Works of John Bunyan: THE SAINTS’ PRIVILEGE AND PROFIT OR THE THRONE OF GRACE 675

 



I love to play the child with little children, and have learned something by so doing; I have met with a child that has had a sore finger; yea, so sore as to be altogether at present useless; and not only so, but because of its infirmity, has been a let or hindrance to the use of all the fingers that have been upon that hand, then have I began to bemoan the child, and said, Alas! My poor boy, or girl, has got a sore finger! Ah! Quoth the child, with water in its eyes, and hath come to me to be bemoaned. Then I began to offer to touch the sore finger. O! saith the child, pray do not hurt me: I have replied, Canst thou do nothing with this finger? No, saith the child, nor with this hand either; then have I said, Shall we cut off this finger, and buy my child a better, a brave golden finger? At this, the child has started, stared in my face, gone back from me, and entertained a kind of indignation against me, and has no more cared to be intimate with me. Then, I began to use that good sermon that this little child had preached unto me, and thus, I went on. If membership be so dear, if this child has such tenderness to the most infirm, the most useless of its members; if it counts me its friend no longer than when I have a mouth to bemoan and carriages that show tenderness to this useless finger; what an interest doth membership give on in the body, and what compassions hath the soul for such a worthless thing, because it is a member!

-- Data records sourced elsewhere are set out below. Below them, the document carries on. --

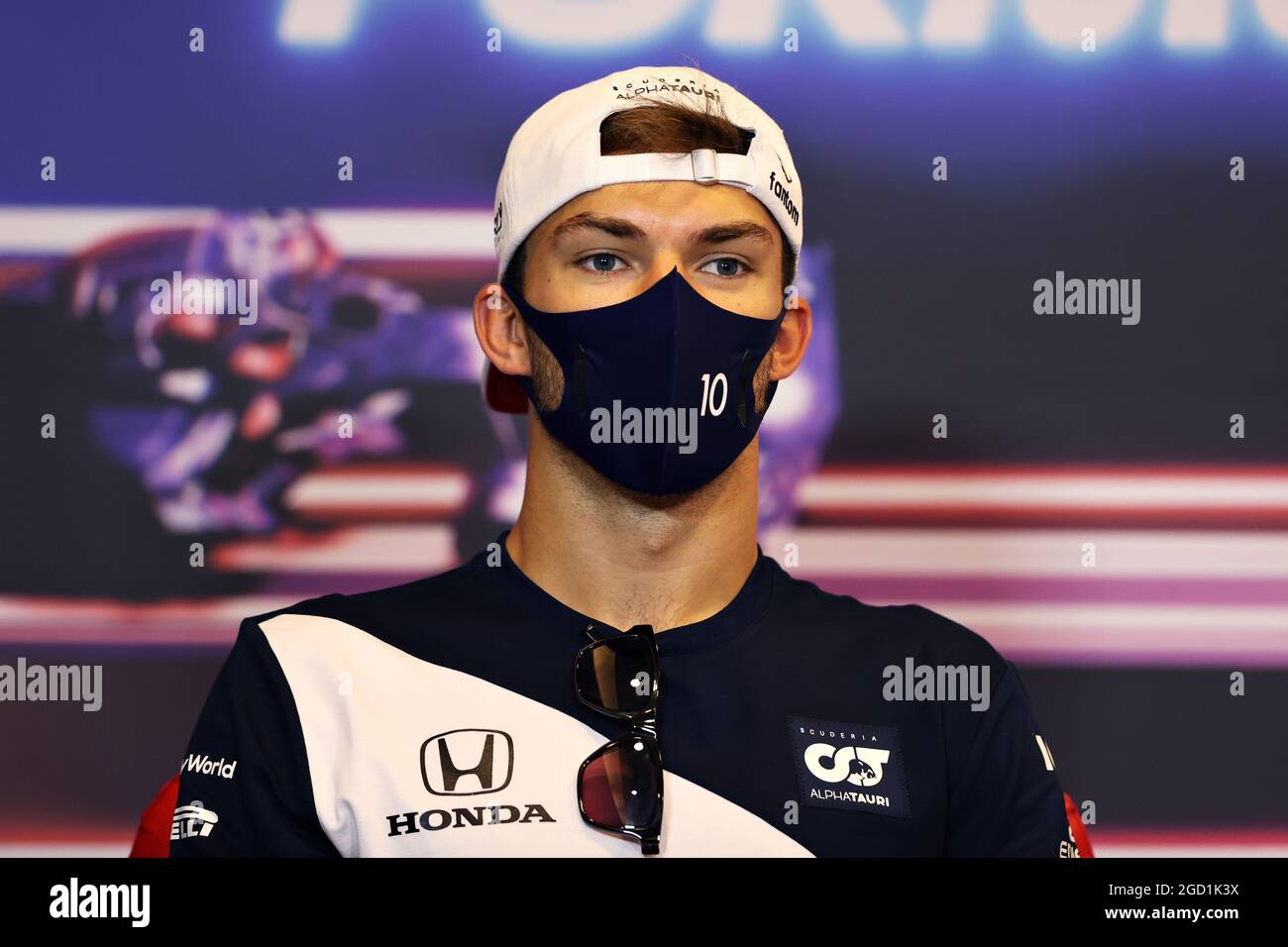 Pierre Gasly (FRA) AlphaTauri in the FIA Press Conference. Azerbaijan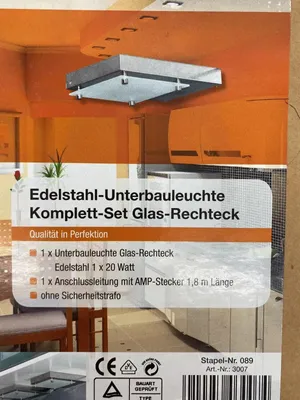 Produktbild von Edelstahl-Unterbauleuchte komplett-Set mit Glas-Rechteck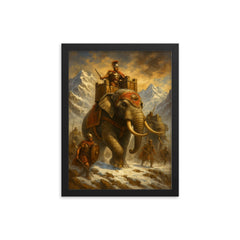 Hannibal Barca alpine war elephants framed print on a plain backdrop in size 12"x16".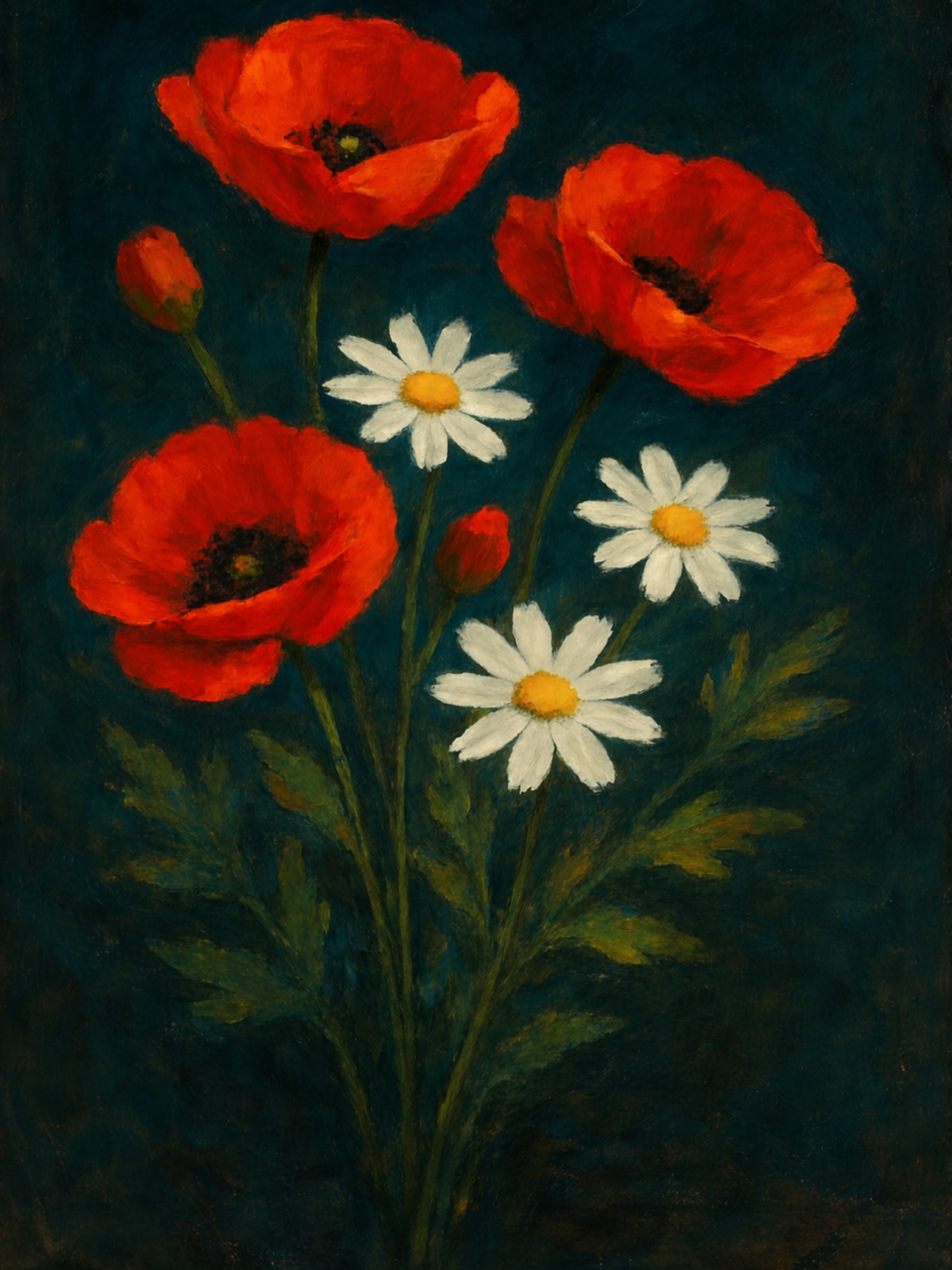 Poppies artwork cropped to 3:4 — edges lost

Turning all this over to Jesus Christ, instead of matter and corruption, honey comes to me out of this child's sore finger; I take leave to tell you how I used to play. And though I have told this tale upon so grave a truth, as is the membership of Christians with their head, yet bear with me; no child can be so tender of its sore finger as is the Son of God of his afflicted members; he cannot but be touched with the feeling of our infirmities.

Ah! who would not make many supplications, prayers, and intercessions, for a leg, for an eye, for a foot, for a hand, for a finger, rather than they will lose it? And can it be imagined that Christ alone shall be like the foolish ostrich, hardened against his young, yea, against his members? It cannot be.

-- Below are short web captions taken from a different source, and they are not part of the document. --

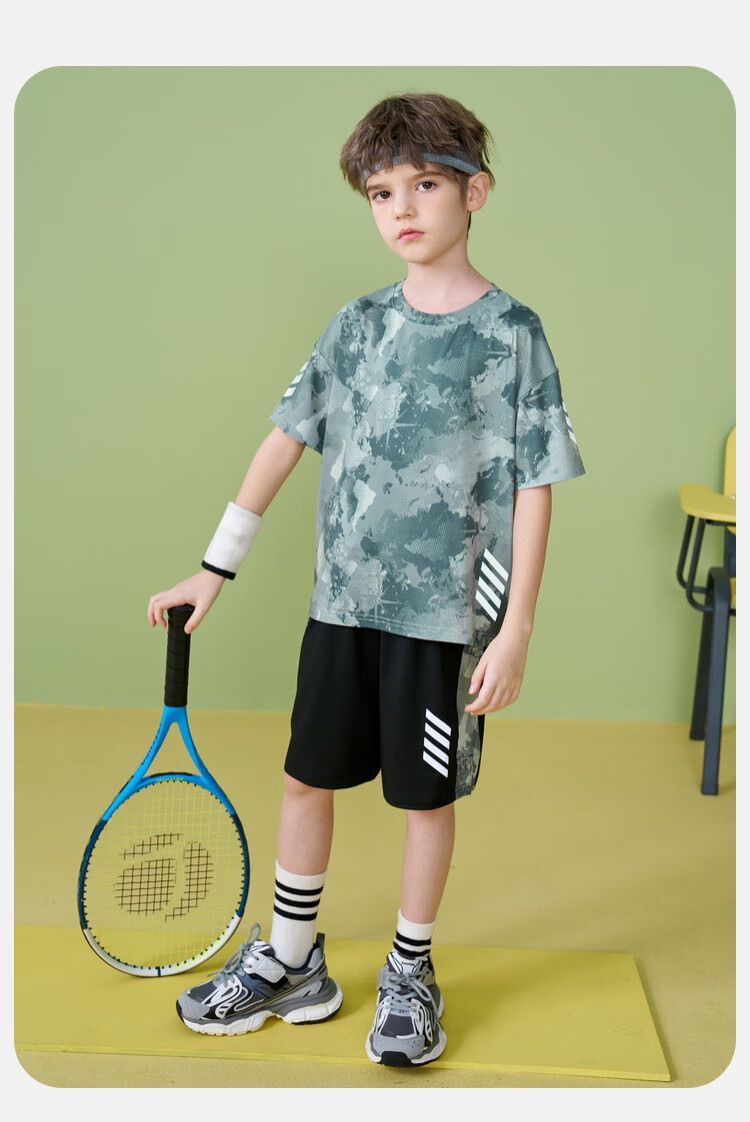 ASK JUNIOR Children's Clothing Set, Boys' Summer Thin Breathable Short-Sleeve T-Shirt And Shorts, Sports Running Two-Piece Set, Tennis Outfit 34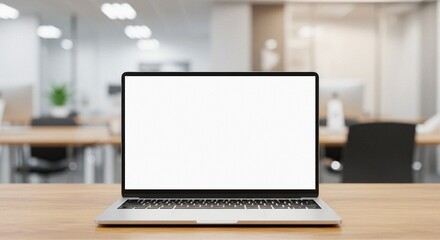 Fototapeta premium Front view of a laptop with a blank white screen on a wooden table in an office, with a blurred background. 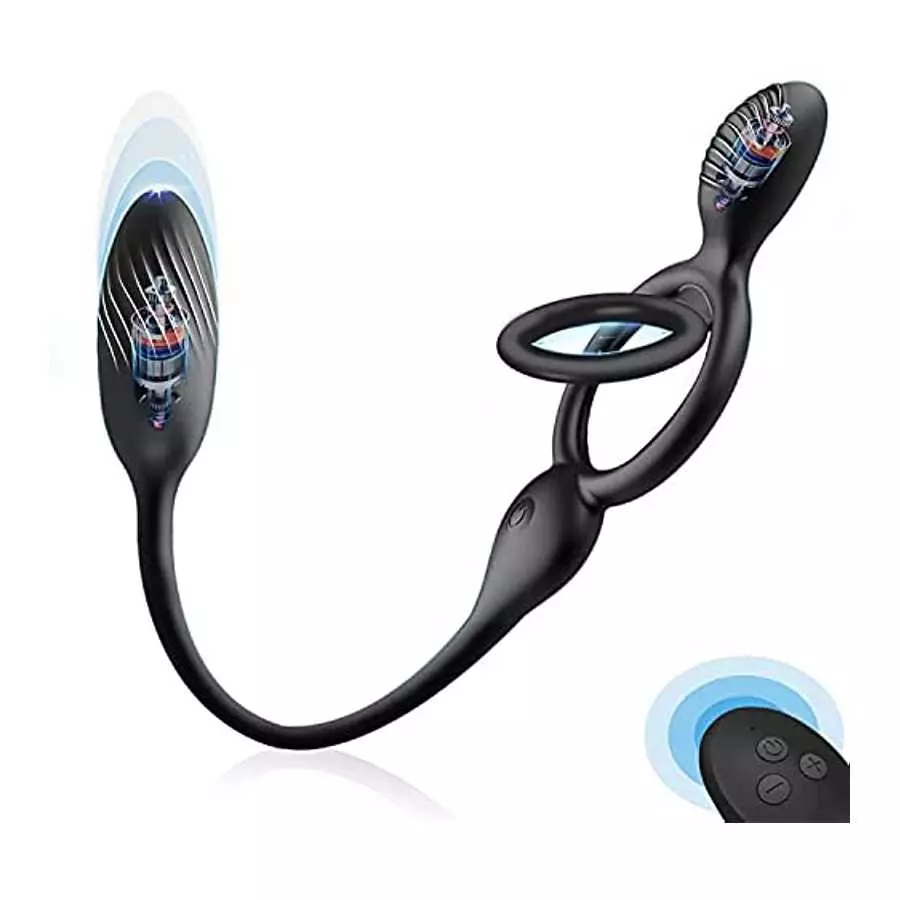 Vibrating Cock Ring with Butt Plug, lvhua 3 in 1 Penis Ring Vibrator Anal Plug with 10 Vibration Modes, Prostate Massager Clitor Vibrating Cock Ring with Butt Plug, lvhua 3 in 1 Penis Ring Vibrator Anal Plug with 10 Vibration Modes, Prostate Massager Clitor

Should he lose a member, he would be disfigured, maimed, dismembered, imperfect, and next to monstrous. For his body is called his fulness, yea, the fulness of him that fills all in all. This naturally has respect for those for whom he ever lived to make intercession; yea, an unfathomable respect for them because they are his members.

Fifth. But again, when nature, relation, and membership is urged to show the fit qualifications wherewith Christ is endued, I intend not to intimate, as if the bottom of all lay here; for then it might be urged that one imperfect has all these; for who knows not that sinful man has all these qualifications in him towards his nature, relations, and members? I have therefore, as I said, thus discoursed, only for demonstration's sake, and to suit myself with the infirmity of your flesh. I also want to tell you that Jesus Christ, our High Priest, is thus, concerning other designs. We are his purchase, and he counts us so; his jewels, and he counts us so; his estate is real, and he counts us so (Psa 16:5,6). And you know a man will do much, speak much, intercede much and long, for that which he thus is interested in. But we will come to speak more particularly of the excellence of his natural qualifications and show you that he hath such as are peculiar to himself alone, and that we are concerned about them.

[The peculiar natural qualifications of Christ as our High Priest.]

1. He is holy, and so a suitable High Priest. There is a holiness that sets further from, and a holiness that brings one nearer to, and to be more concerned with the condition of those in affliction; that holiness is entailed in office. When a man is put into an office, the more unholy he is, the worse he performs his office; the more holy, the better he performs his office. For his holiness obliges him to be faithful unto men, wherein he is concerned by his office. Hence, you read that he is 'a faithful High Priest,' because he is holy, and 'such a High Priest became us, who is holy,' &c. (Heb 2:17, 7:26). 'Good and upright is the Lord' Jehovah, Christ Jesus, 'therefore will he teach sinners in the way' (Psa 25:8). 'He that ruleth over men must be just, ruling in the fear of God' (2 Sam 23:3). I mention these texts to show you, that holiness, when entailed to office, makes a man do that office the better. Now then, Christ is holy, and he is made, called, and made of God an High Priest, after the order of Melchisedec, and is to manage that his office for thee with God; that is to say, to continue to make reconciliation for iniquity; for that iniquity that cleaveth unto thee, and that spuriously breaketh, or issueth from thy flesh after thou art called and converted. For we are now upon the second part of the execution of the priesthood of Christ; that which he executeth, I say; and executing takes away the iniquity of our holy things and our life, after turning to God by him. Now he that is to do this is holy, and so one that will make conscience of performing that office for us, with which he is intrusted by God. Hence, he is set in opposition to those high priests who had infirmities, who were not holy, and upon this very account preferred above them. 'For the law maketh men high priests which have infirmity; but the word of the oath, which was since the law, maketh the Son, who is consecrated,' perfected, or holy 'for evermore' (Heb 7:28). This therefore is a great thing, to wit, that we have a holy High Priest, and so one that will not fail to perform to the utmost the trust committed to him in our behalf, to wit, 'to offer both gifts and sacrifices for sins' (Heb 5:1). This is one thing.